_WORK ITEM_. Could you repeat the listing exactly, leaving out the pictures?

_MATERIAL FOR THE TASK_.
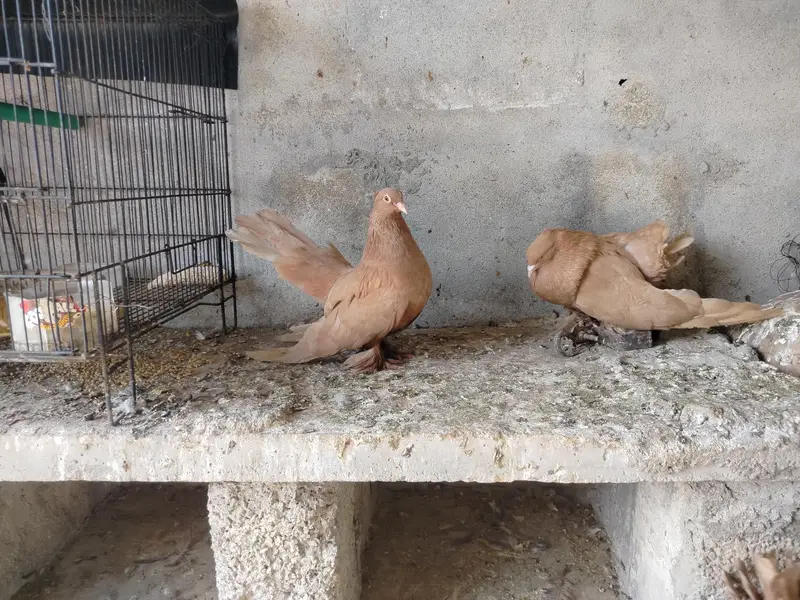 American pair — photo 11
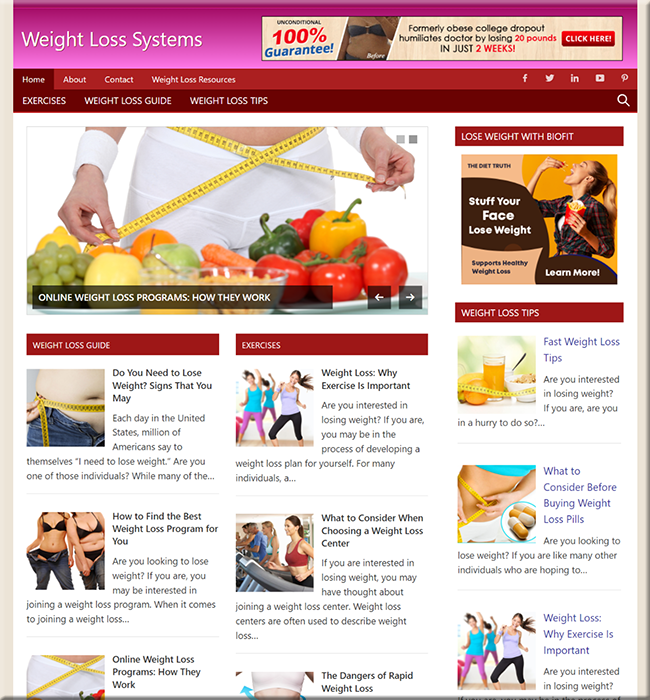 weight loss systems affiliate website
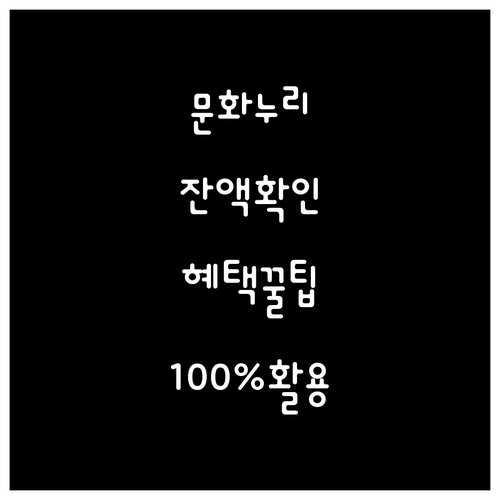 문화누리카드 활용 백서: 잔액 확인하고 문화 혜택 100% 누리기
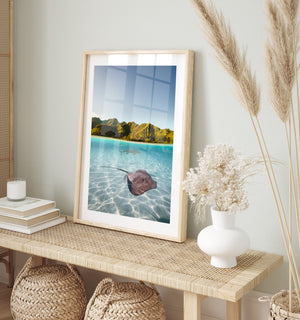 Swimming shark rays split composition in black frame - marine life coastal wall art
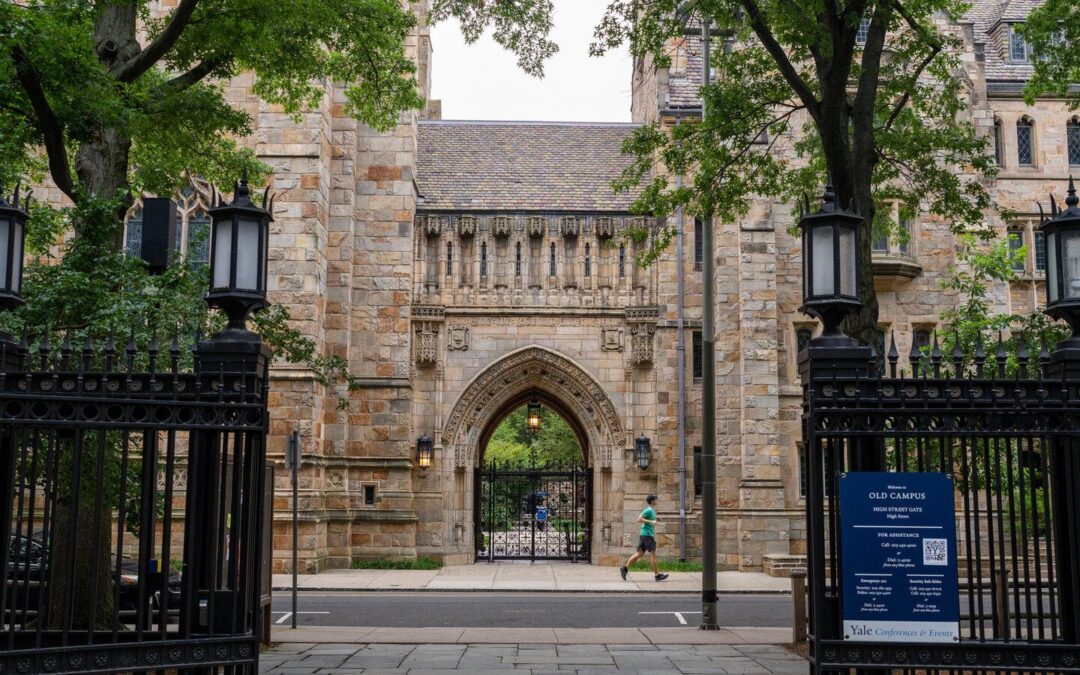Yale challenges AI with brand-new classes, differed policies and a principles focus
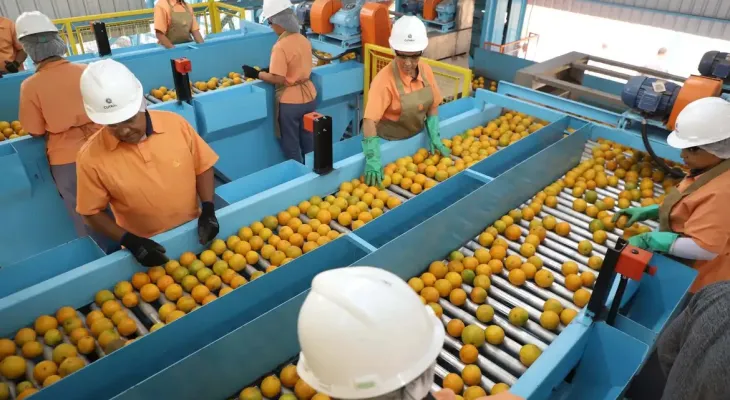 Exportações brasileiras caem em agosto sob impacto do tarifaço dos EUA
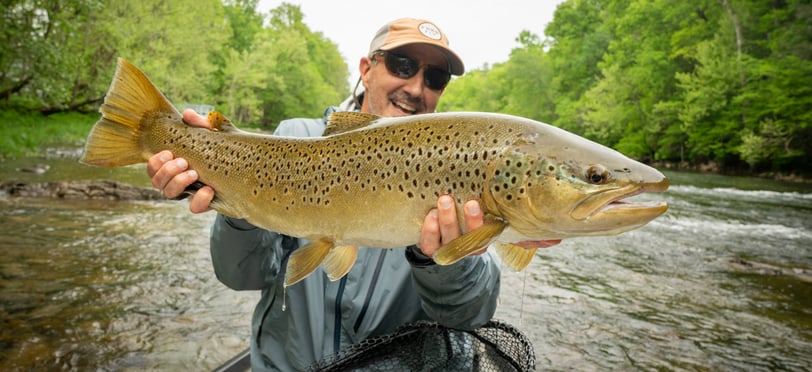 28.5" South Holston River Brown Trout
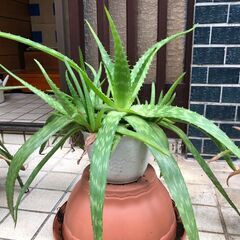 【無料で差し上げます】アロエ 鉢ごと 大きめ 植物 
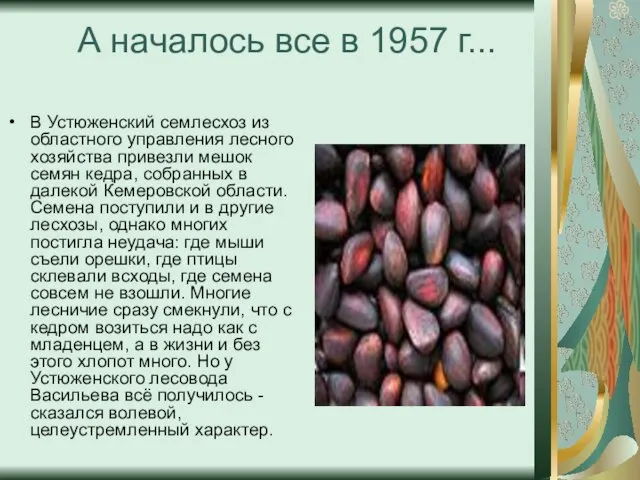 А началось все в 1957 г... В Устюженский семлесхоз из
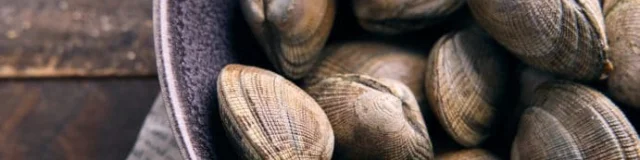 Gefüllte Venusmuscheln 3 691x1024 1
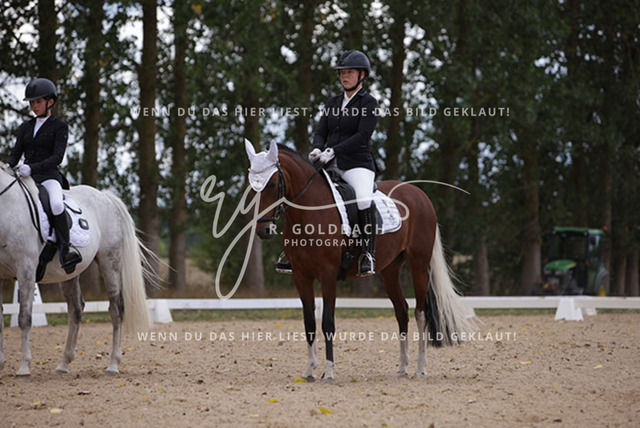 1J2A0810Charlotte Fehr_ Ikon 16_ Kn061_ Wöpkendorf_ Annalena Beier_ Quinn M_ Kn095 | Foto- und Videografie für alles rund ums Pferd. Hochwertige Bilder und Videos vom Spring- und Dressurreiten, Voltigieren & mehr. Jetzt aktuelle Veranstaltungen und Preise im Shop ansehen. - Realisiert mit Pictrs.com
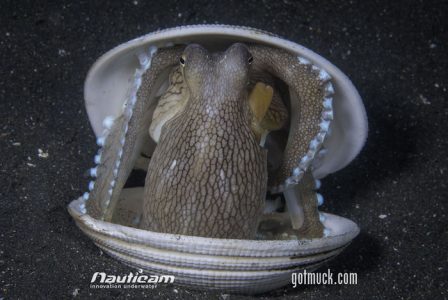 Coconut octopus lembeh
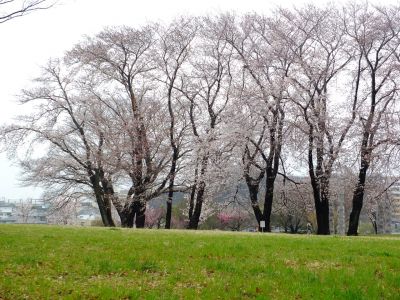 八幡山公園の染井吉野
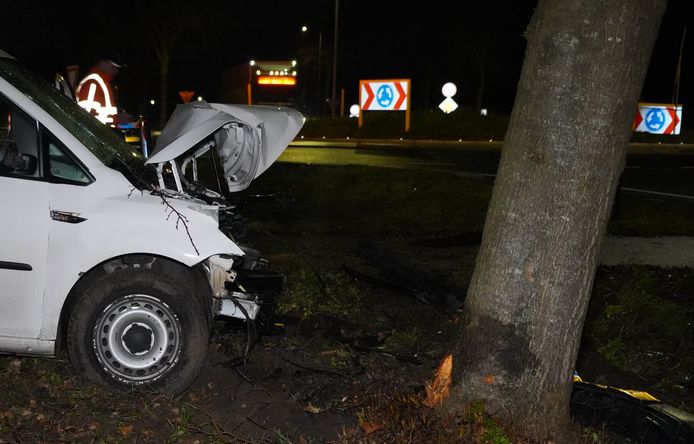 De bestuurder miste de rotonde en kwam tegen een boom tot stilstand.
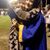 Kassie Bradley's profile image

_FINISHED TASK_.
 American pair — photo 11
 weight loss systems affiliate website
 문화누리카드 활용 백서: 잔액 확인하고 문화 혜택 100% 누리기
 Swimming shark rays split composition in black frame - marine life coastal wall art
Yale challenges AI with brand-new classes, differed policies and a principles focus
 Exportações brasileiras caem em agosto sob impacto do tarifaço dos EUA
 28.5" South Holston River Brown Trout
 【無料で差し上げます】アロエ 鉢ごと 大きめ 植物 
 А началось все в 1957 г... В Устюженский семлесхоз из
 Gefüllte Venusmuscheln 3 691x1024 1
 1J2A0810Charlotte Fehr_ Ikon 16_ Kn061_ Wöpkendorf_ Annalena Beier_ Quinn M_ Kn095 | Foto- und Videografie für alles rund ums Pferd. Hochwertige Bilder und Videos vom Spring- und Dressurreiten, Voltigieren & mehr. Jetzt aktuelle Veranstaltungen und Preise im Shop ansehen. - Realisiert mit Pictrs.com
 Coconut octopus lembeh
 八幡山公園の染井吉野
 De bestuurder miste de rotonde en kwam tegen een boom tot stilstand.
 Kassie Bradley's profile image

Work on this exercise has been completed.